Exercise directions> Copy out the records that follow, leaving every character as it is.

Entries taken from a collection
____________

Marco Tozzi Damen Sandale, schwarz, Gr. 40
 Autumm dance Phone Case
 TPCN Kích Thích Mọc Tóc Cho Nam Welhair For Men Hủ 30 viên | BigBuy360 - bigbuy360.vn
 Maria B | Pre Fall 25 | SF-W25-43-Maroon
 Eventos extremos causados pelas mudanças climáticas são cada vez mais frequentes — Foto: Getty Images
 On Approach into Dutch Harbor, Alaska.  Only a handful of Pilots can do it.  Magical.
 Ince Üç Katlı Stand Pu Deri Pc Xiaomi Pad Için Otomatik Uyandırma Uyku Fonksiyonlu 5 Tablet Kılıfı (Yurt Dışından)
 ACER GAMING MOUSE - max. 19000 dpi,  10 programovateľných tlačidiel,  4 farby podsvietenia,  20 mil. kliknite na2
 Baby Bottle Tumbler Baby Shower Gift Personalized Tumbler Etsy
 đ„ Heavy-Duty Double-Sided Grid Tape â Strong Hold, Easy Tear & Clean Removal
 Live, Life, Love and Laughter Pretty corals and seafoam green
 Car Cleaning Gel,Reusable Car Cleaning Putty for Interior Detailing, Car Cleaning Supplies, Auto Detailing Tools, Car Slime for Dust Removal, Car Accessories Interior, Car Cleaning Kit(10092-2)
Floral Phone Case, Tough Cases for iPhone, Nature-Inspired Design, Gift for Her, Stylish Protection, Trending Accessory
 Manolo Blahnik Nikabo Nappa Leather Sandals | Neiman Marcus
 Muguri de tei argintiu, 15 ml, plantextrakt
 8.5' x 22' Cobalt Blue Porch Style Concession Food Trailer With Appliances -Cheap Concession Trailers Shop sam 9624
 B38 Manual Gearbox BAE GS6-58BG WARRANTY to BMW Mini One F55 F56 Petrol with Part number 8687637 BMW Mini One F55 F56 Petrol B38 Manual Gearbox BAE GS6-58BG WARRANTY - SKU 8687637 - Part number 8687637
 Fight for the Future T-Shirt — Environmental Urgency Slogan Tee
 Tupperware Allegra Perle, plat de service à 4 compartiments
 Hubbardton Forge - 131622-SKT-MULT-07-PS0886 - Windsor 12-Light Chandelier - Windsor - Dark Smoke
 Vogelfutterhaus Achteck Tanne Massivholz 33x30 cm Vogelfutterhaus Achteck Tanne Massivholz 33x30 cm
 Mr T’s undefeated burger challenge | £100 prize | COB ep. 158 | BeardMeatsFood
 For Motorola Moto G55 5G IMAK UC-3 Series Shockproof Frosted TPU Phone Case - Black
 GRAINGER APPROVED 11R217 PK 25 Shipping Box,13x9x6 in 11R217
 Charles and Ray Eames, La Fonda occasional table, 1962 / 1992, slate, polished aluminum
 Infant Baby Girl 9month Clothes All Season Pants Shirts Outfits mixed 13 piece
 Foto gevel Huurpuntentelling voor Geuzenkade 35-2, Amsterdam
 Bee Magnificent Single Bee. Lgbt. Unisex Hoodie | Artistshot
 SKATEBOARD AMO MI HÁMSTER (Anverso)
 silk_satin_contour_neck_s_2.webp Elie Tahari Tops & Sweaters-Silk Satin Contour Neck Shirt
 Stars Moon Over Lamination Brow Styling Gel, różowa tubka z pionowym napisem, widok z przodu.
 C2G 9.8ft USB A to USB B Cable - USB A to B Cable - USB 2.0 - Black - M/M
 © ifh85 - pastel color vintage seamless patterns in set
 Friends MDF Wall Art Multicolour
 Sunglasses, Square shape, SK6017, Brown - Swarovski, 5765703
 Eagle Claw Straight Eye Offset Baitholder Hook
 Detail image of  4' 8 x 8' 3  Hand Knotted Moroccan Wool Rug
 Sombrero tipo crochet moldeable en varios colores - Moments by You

____________

Result for this exercise>
Marco Tozzi Damen Sandale, schwarz, Gr. 40
 Autumm dance Phone Case
 TPCN Kích Thích Mọc Tóc Cho Nam Welhair For Men Hủ 30 viên | BigBuy360 - bigbuy360.vn
 Maria B | Pre Fall 25 | SF-W25-43-Maroon
 Eventos extremos causados pelas mudanças climáticas são cada vez mais frequentes — Foto: Getty Images
 On Approach into Dutch Harbor, Alaska.  Only a handful of Pilots can do it.  Magical.
 Ince Üç Katlı Stand Pu Deri Pc Xiaomi Pad Için Otomatik Uyandırma Uyku Fonksiyonlu 5 Tablet Kılıfı (Yurt Dışından)
 ACER GAMING MOUSE - max. 19000 dpi,  10 programovateľných tlačidiel,  4 farby podsvietenia,  20 mil. kliknite na2
 Baby Bottle Tumbler Baby Shower Gift Personalized Tumbler Etsy
 đ„ Heavy-Duty Double-Sided Grid Tape â Strong Hold, Easy Tear & Clean Removal
 Live, Life, Love and Laughter Pretty corals and seafoam green
 Car Cleaning Gel,Reusable Car Cleaning Putty for Interior Detailing, Car Cleaning Supplies, Auto Detailing Tools, Car Slime for Dust Removal, Car Accessories Interior, Car Cleaning Kit(10092-2)
Floral Phone Case, Tough Cases for iPhone, Nature-Inspired Design, Gift for Her, Stylish Protection, Trending Accessory
 Manolo Blahnik Nikabo Nappa Leather Sandals | Neiman Marcus
 Muguri de tei argintiu, 15 ml, plantextrakt
 8.5' x 22' Cobalt Blue Porch Style Concession Food Trailer With Appliances -Cheap Concession Trailers Shop sam 9624
 B38 Manual Gearbox BAE GS6-58BG WARRANTY to BMW Mini One F55 F56 Petrol with Part number 8687637 BMW Mini One F55 F56 Petrol B38 Manual Gearbox BAE GS6-58BG WARRANTY - SKU 8687637 - Part number 8687637
 Fight for the Future T-Shirt — Environmental Urgency Slogan Tee
 Tupperware Allegra Perle, plat de service à 4 compartiments
 Hubbardton Forge - 131622-SKT-MULT-07-PS0886 - Windsor 12-Light Chandelier - Windsor - Dark Smoke
 Vogelfutterhaus Achteck Tanne Massivholz 33x30 cm Vogelfutterhaus Achteck Tanne Massivholz 33x30 cm
 Mr T’s undefeated burger challenge | £100 prize | COB ep. 158 | BeardMeatsFood
 For Motorola Moto G55 5G IMAK UC-3 Series Shockproof Frosted TPU Phone Case - Black
 GRAINGER APPROVED 11R217 PK 25 Shipping Box,13x9x6 in 11R217
 Charles and Ray Eames, La Fonda occasional table, 1962 / 1992, slate, polished aluminum
 Infant Baby Girl 9month Clothes All Season Pants Shirts Outfits mixed 13 piece
 Foto gevel Huurpuntentelling voor Geuzenkade 35-2, Amsterdam
 Bee Magnificent Single Bee. Lgbt. Unisex Hoodie | Artistshot
 SKATEBOARD AMO MI HÁMSTER (Anverso)
 silk_satin_contour_neck_s_2.webp Elie Tahari Tops & Sweaters-Silk Satin Contour Neck Shirt
 Stars Moon Over Lamination Brow Styling Gel, różowa tubka z pionowym napisem, widok z przodu.
 C2G 9.8ft USB A to USB B Cable - USB A to B Cable - USB 2.0 - Black - M/M
 © ifh85 - pastel color vintage seamless patterns in set
 Friends MDF Wall Art Multicolour
 Sunglasses, Square shape, SK6017, Brown - Swarovski, 5765703
 Eagle Claw Straight Eye Offset Baitholder Hook
 Detail image of  4' 8 x 8' 3  Hand Knotted Moroccan Wool Rug
 Sombrero tipo crochet moldeable en varios colores - Moments by You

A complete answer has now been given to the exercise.